PROBLEM REQUIREMENTS:
Here the job is to repeat the listing exactly, but not the pictures in it.

SUPPLIED MATERIAL:
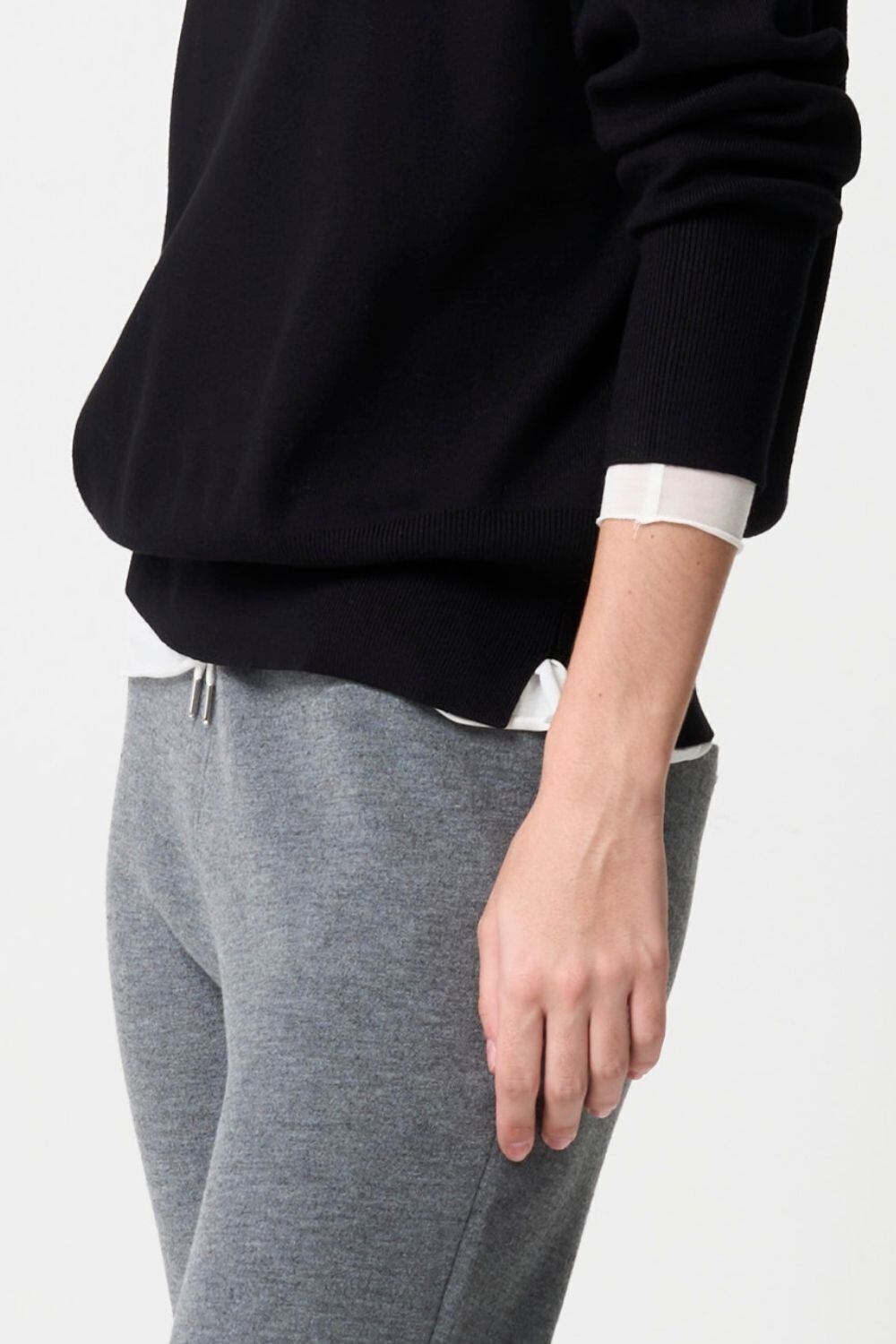 再入荷 Smooth Island Knit - BLACK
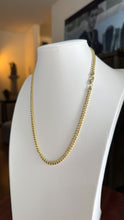 Cargar imagen en el visor de la galería, Cadena Cubana De Mujer 5mm Oro 10k

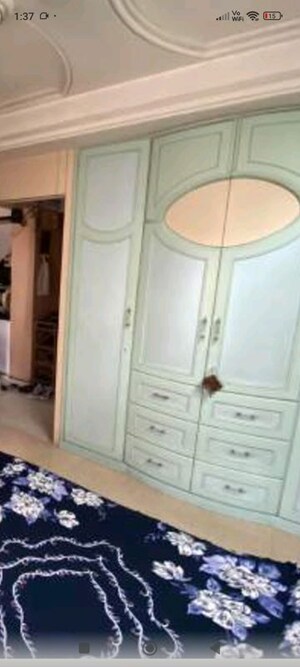 Master Bedroom in 4 BHK Apartment at Mazgaon – for Sale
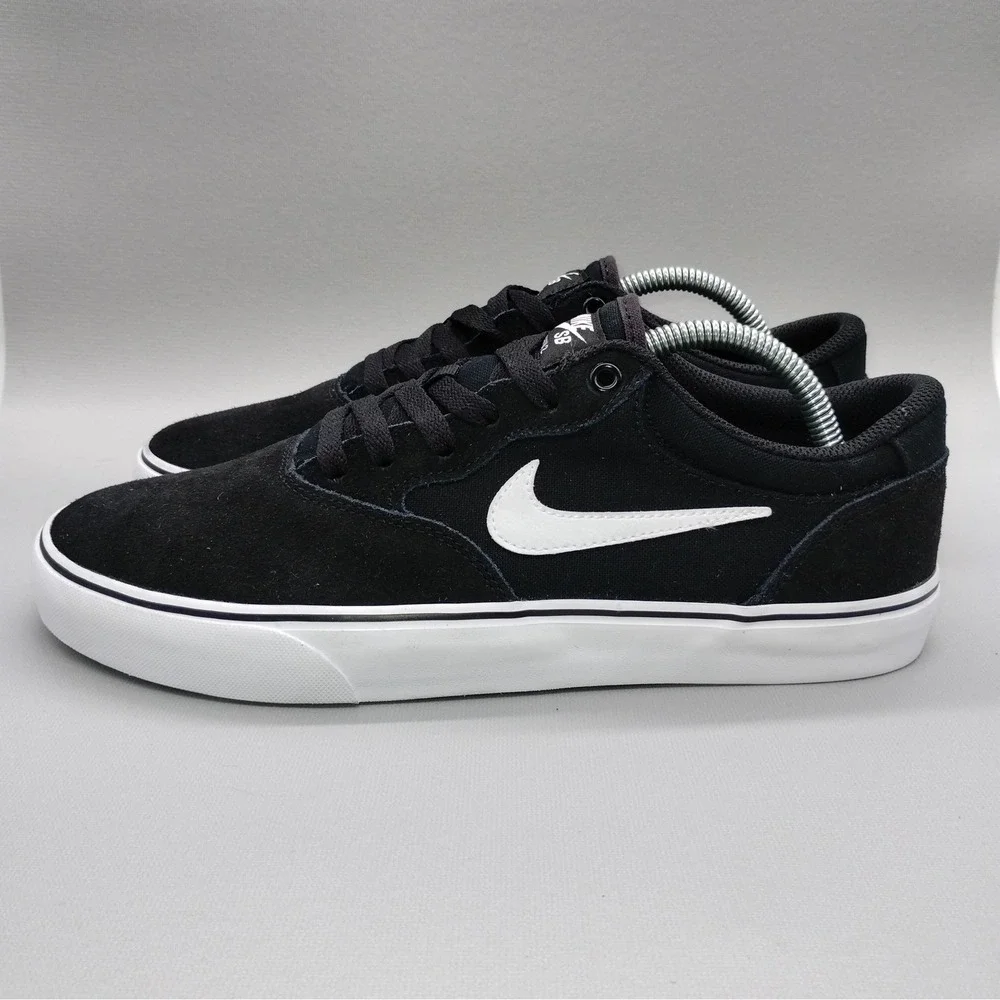 Nike SB Chron 2 Skateboarding‎ Shoes Men's size 9.6 Skater Low top Comfy Casual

WRITTEN SOLUTION:
 再入荷 Smooth Island Knit - BLACK
 Cargar imagen en el visor de la galería, Cadena Cubana De Mujer 5mm Oro 10k

 Master Bedroom in 4 BHK Apartment at Mazgaon – for Sale
 Nike SB Chron 2 Skateboarding‎ Shoes Men's size 9.6 Skater Low top Comfy Casual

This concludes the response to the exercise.